**DATA TO EXAMINE:**
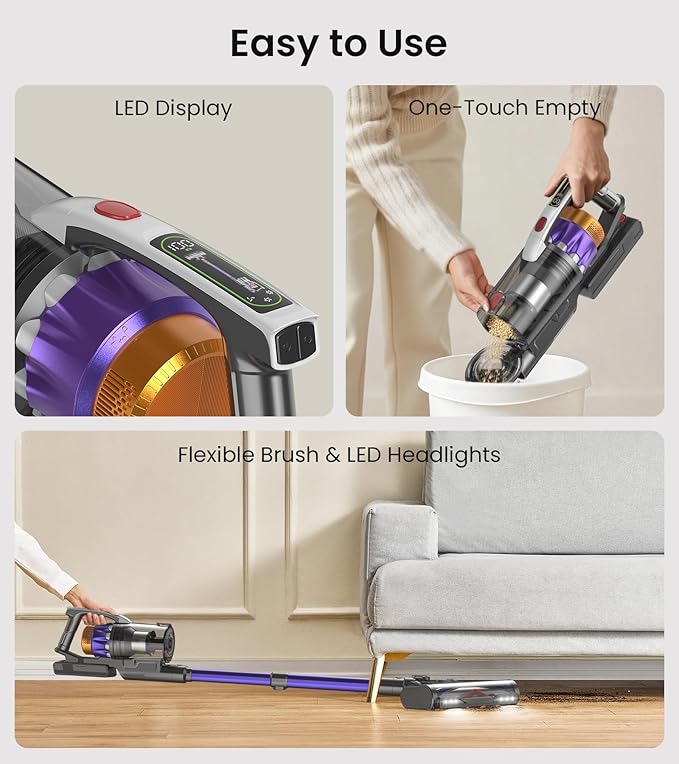 NADALY Cordless Vacuum Cleaner, 650W 55KPA 70Mins Vacuum Cleaners - Image 7
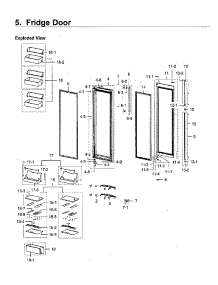 Right Door parts for Samsung Refrigerator RH22H9010SR/AA-01 from AppliancePartsPros.com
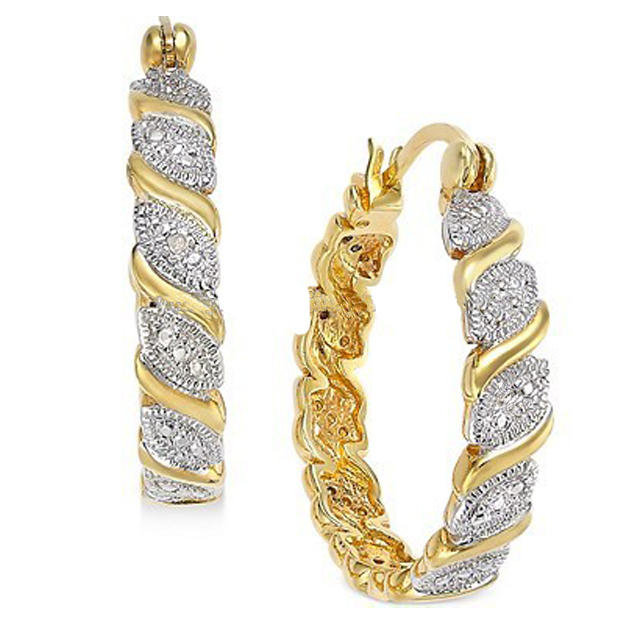 OLIVIE *PREMIUM* Stříbrné náušnice GOLD 1058 Ag 925; ≤6 g.
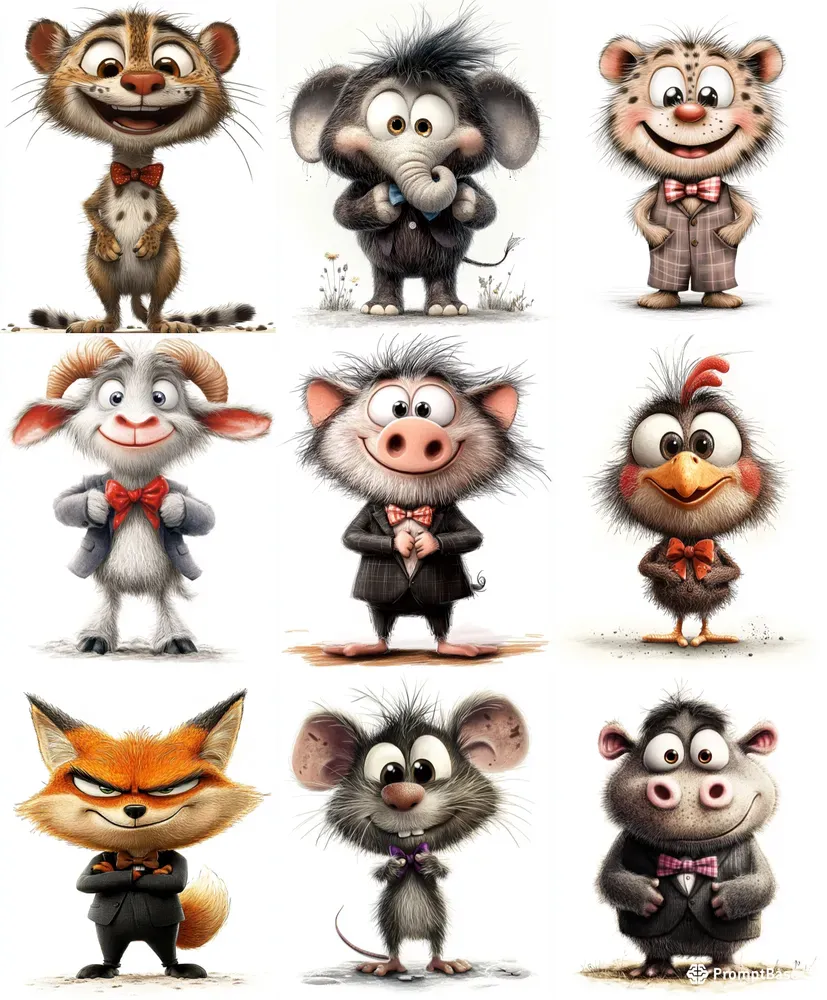 Adorable Animals In Suits Midjourney Prompt | PromptBase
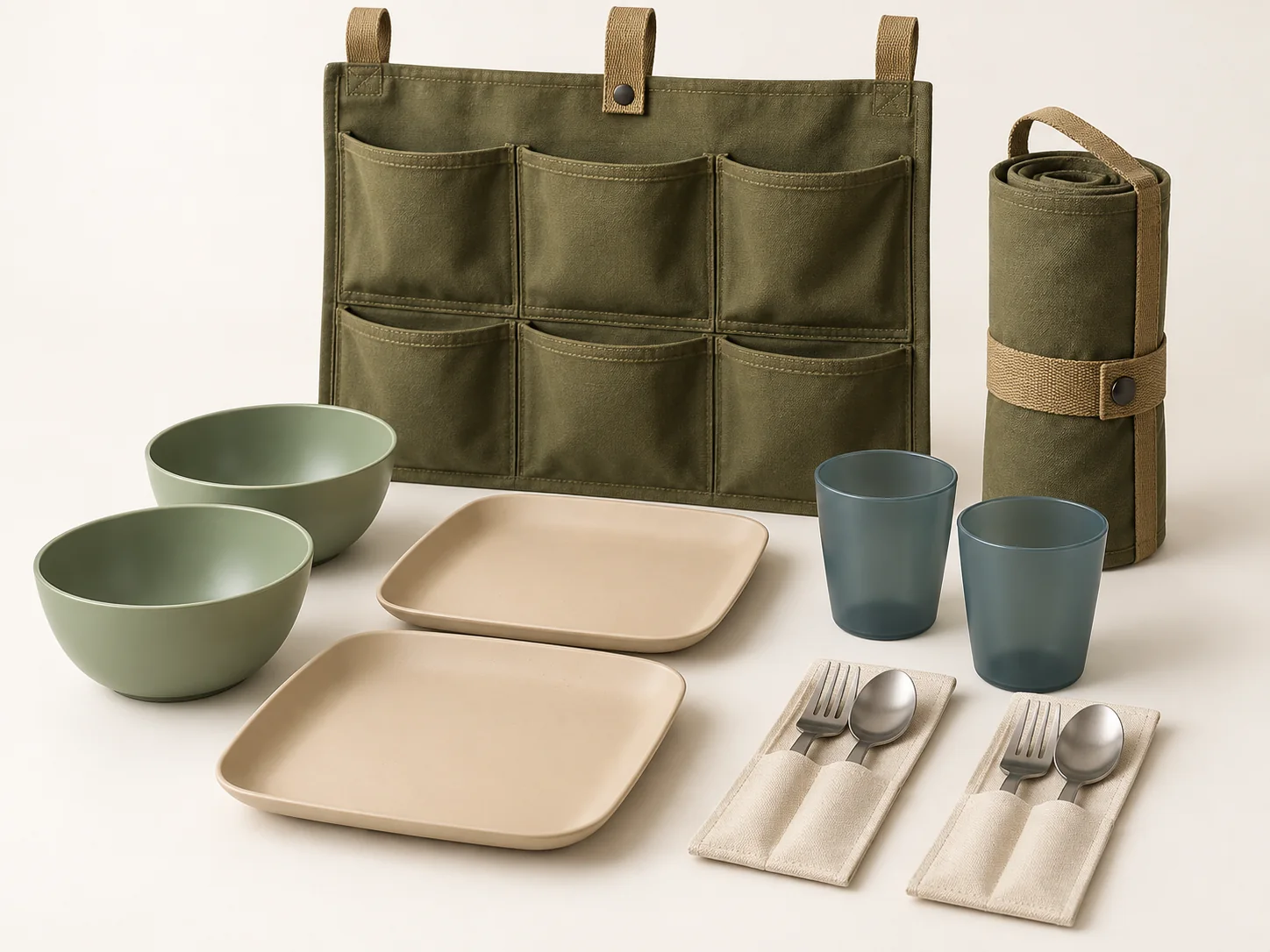 Campervan dining kit with two plates two bowls two cups cutlery sleeves and olive hanging organizer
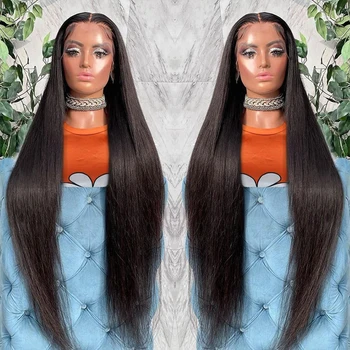 13x4 Прямые кружевные передние парики Человеческие волосы 30 дюймов Hd Прозрачные кружевные фронтальные парики для черных женщин Бразильские парики в продаже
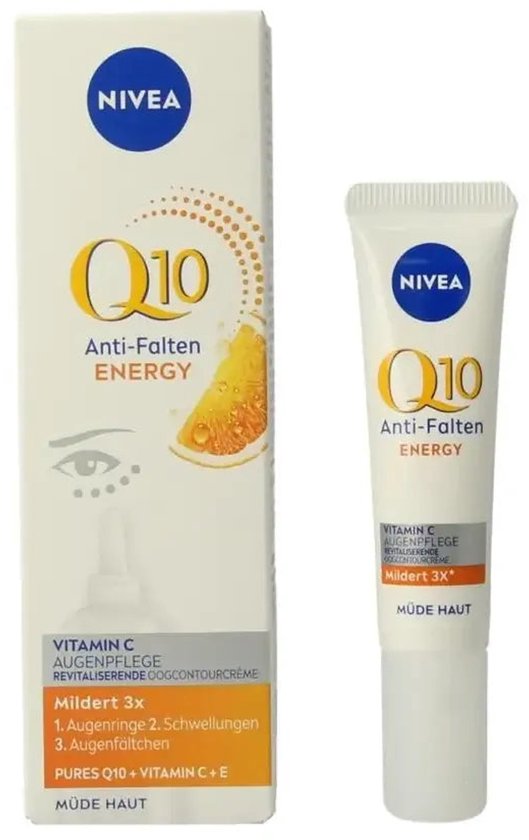 NIVEA Q10 Anti-Falten Energy oogcontourcrème met vitamine C+E. Doos en tube tonen een sinaasappel en tekst. Geschikt voor vermoeide huid.
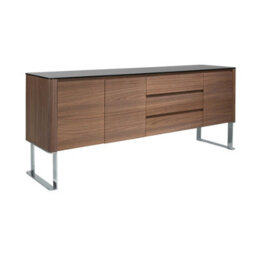 Angel Cerda Elegant Walnut Sideboard With Chrome Legs And Black Glass Top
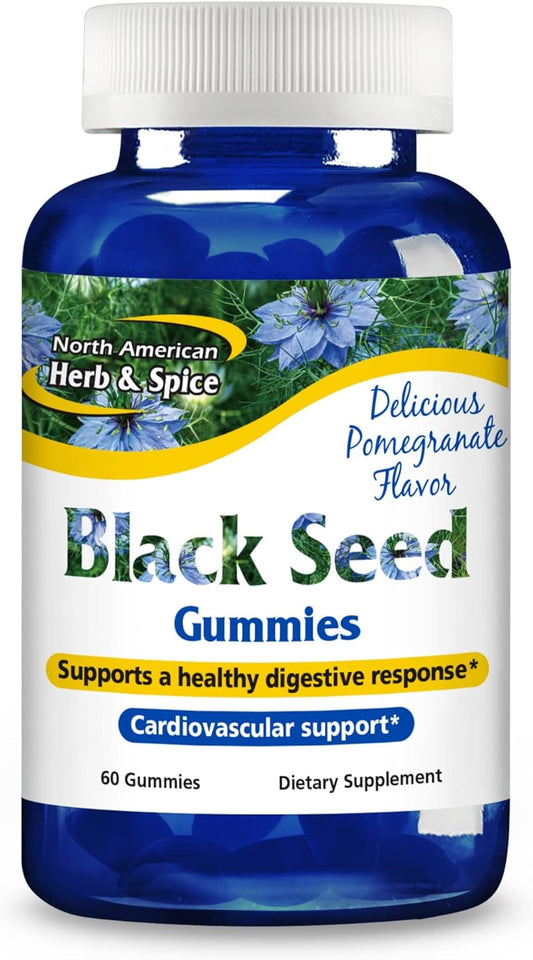 Black Seed Gummies - Pomegranate Flavor for Cardiovascular & Digestive Support | 60 Non-GMO Gummies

**WHAT THE TASK REQUIRES:**
Once the line with "OLIVIE *PREMIUM* Stříbrné" is found, output it and every line after it through the end of the listing, exactly, without pictures.

**ANSWER SECTION:**
 OLIVIE *PREMIUM* Stříbrné náušnice GOLD 1058 Ag 925; ≤6 g.
 Adorable Animals In Suits Midjourney Prompt | PromptBase
 Campervan dining kit with two plates two bowls two cups cutlery sleeves and olive hanging organizer
 13x4 Прямые кружевные передние парики Человеческие волосы 30 дюймов Hd Прозрачные кружевные фронтальные парики для черных женщин Бразильские парики в продаже
 NIVEA Q10 Anti-Falten Energy oogcontourcrème met vitamine C+E. Doos en tube tonen een sinaasappel en tekst. Geschikt voor vermoeide huid.
 Angel Cerda Elegant Walnut Sideboard With Chrome Legs And Black Glass Top
 Black Seed Gummies - Pomegranate Flavor for Cardiovascular & Digestive Support | 60 Non-GMO Gummies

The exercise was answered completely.